TL;DR – While it is clearly treading across old ground, I still found the narrative and the cast to be compelling throughout.
Post-Credit Scene – There is no post-credit scene.
Disclosure – I was invited to a screening of this film.
Voyagers Review –
When you are talking about scenarios that immediately capture your attention, humans escaping Earth to try and colonise another planet to make sure humanity survives is one of those that immediately catches my attention. When it is done well, you are drawn into this world of desperation and struggles of leaving behind what you love for the unknown, but you lose the humanity for spectacle when it is done poorly. Today we look at a film that kind of swings between these poles in parts, but never the less left an impact on me.

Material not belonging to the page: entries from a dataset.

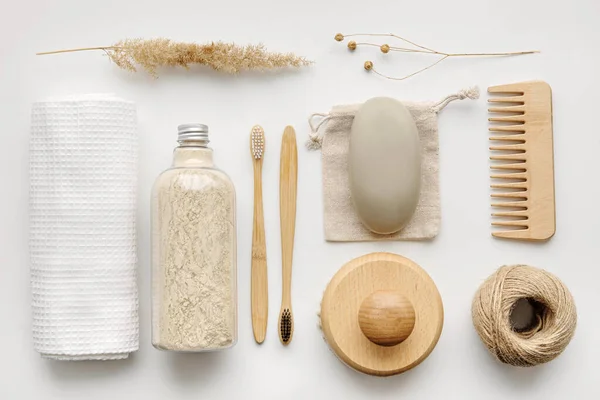 Towel, body scrub, soap, wooden comb, beech toothbrushes, sea bath salt, body brush and other spa objects on light background.Top view, Flat lay. Skin care, body treatment concept.Knolling composition.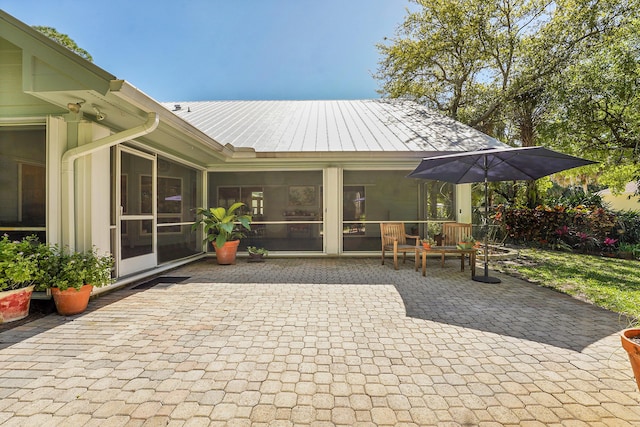 view of patio featuring a sunroom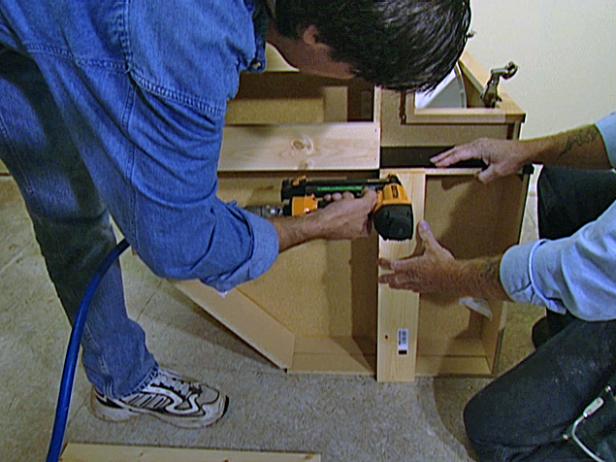 Turn each of the cabinets on its side and attach a pine 1x4 board to the bottom of the framework.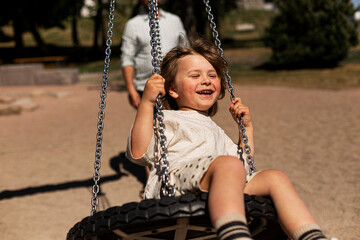 Smiling girl sitting on tire swing and swinging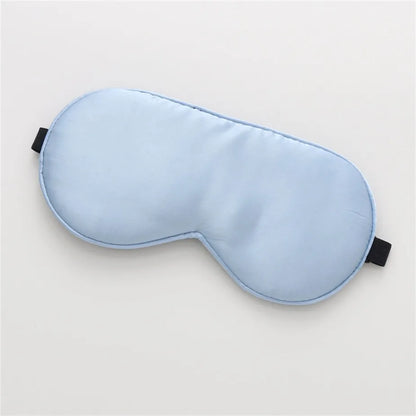 light blue silk sleeping mask on a white background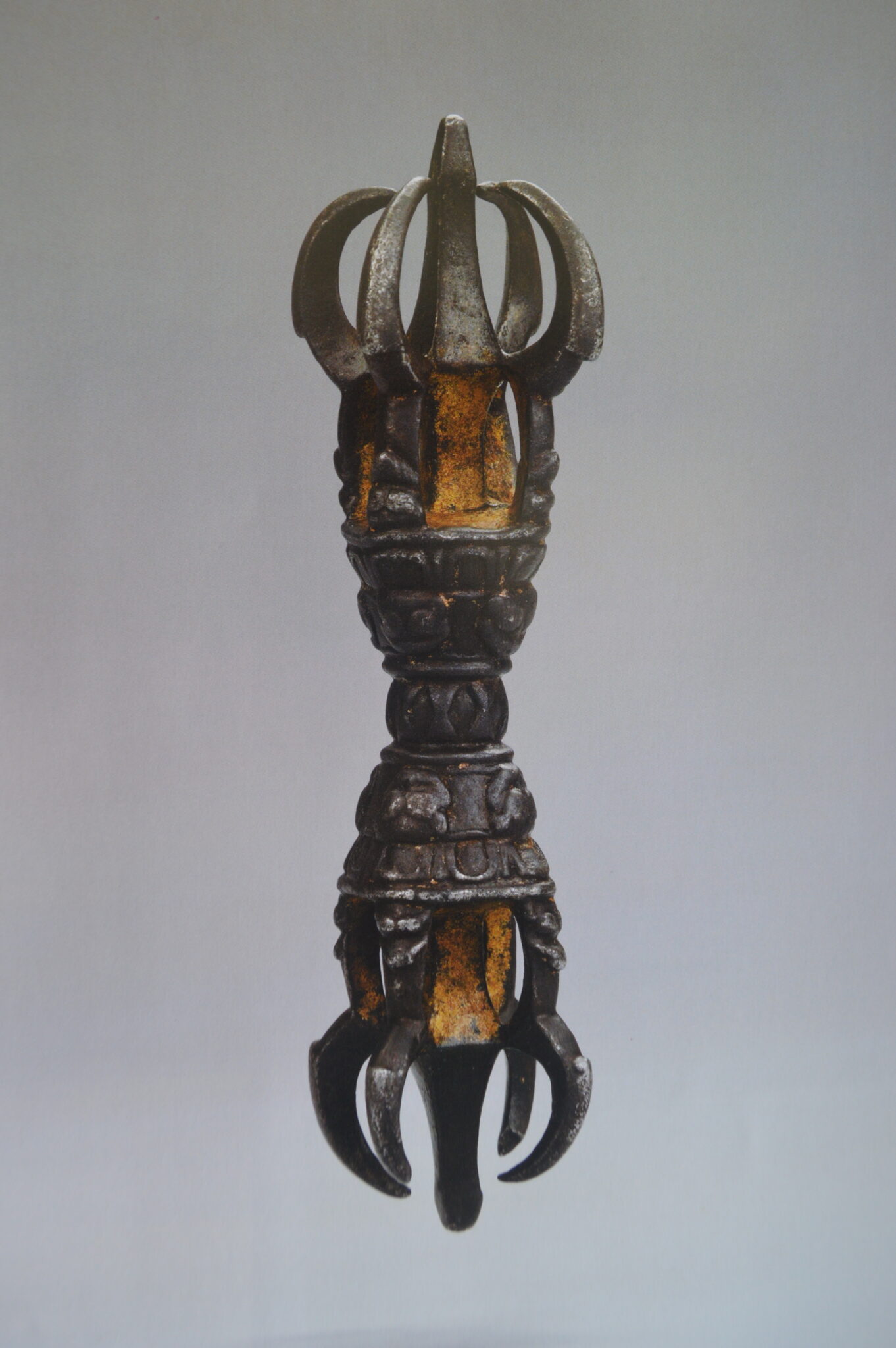 Religious implement in vajra shape: two open spheres formed by curved prongs connected by shaft featuring decorated bands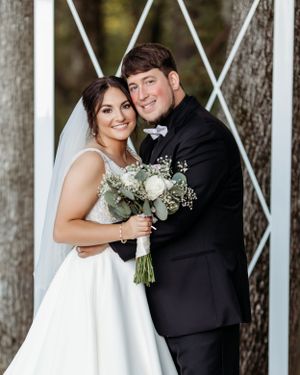 A couple in wedding attire shares a joyful moment among white pillars in an outdoor setting.  Middle TN wedding photographer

So to set the scene, in 2063, the climate on Earth is steadily worsening as the planet warms, leading to the genuine suggestion that humanity might not survive as a species. However, in this moment of darkness, scientists find what they believe to be a habitable planet. The only problem is that it will take over 80 years to reach it with the current technology. This means that those who leave on the trip will likely not be alive when it arrives, and indeed it will probably be their grandchildren, the third generation, that will survive. Given the danger and pressure to get a scouting ship out as soon as possible, they decide to grow a purpose crew that has never seen the big open world so they won’t miss it during the long ride. However, that means they are just children, so Richard Alling (Colin Farrell), their teacher decides to join them on the one way trip into the dark to help prepare them for those moments when it all goes wrong.